Transcribe the entries below exactly, starting with the line that has "O mașină a luat" and stopping after the line that has "ภาพ No.323109:วันที่ 19"; no pictures belong in the copy.
=== RECORD EXCERPTS ===
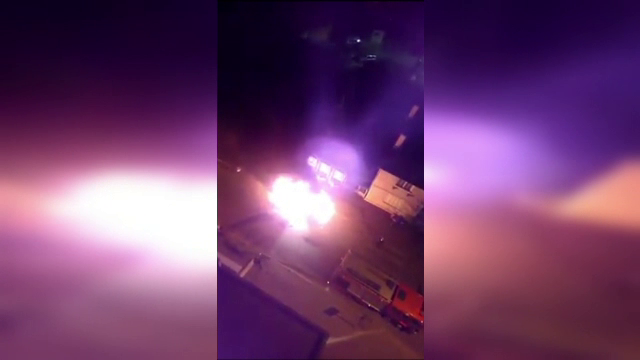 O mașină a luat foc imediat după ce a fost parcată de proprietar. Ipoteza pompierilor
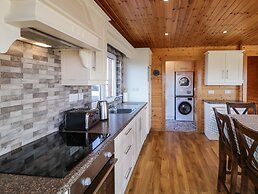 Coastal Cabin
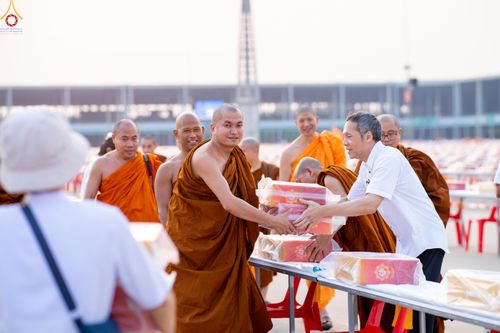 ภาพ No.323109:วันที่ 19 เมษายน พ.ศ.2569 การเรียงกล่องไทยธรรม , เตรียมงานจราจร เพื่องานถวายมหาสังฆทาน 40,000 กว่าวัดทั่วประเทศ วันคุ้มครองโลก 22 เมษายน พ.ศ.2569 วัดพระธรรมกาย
===
=== RECORD EXCERPTS ===
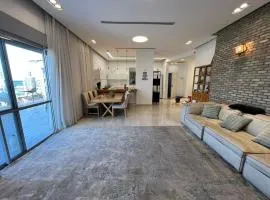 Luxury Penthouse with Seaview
===
| EXERCISE OUTPUT |
 O mașină a luat foc imediat după ce a fost parcată de proprietar. Ipoteza pompierilor
 Coastal Cabin
 ภาพ No.323109:วันที่ 19 เมษายน พ.ศ.2569 การเรียงกล่องไทยธรรม , เตรียมงานจราจร เพื่องานถวายมหาสังฆทาน 40,000 กว่าวัดทั่วประเทศ วันคุ้มครองโลก 22 เมษายน พ.ศ.2569 วัดพระธรรมกาย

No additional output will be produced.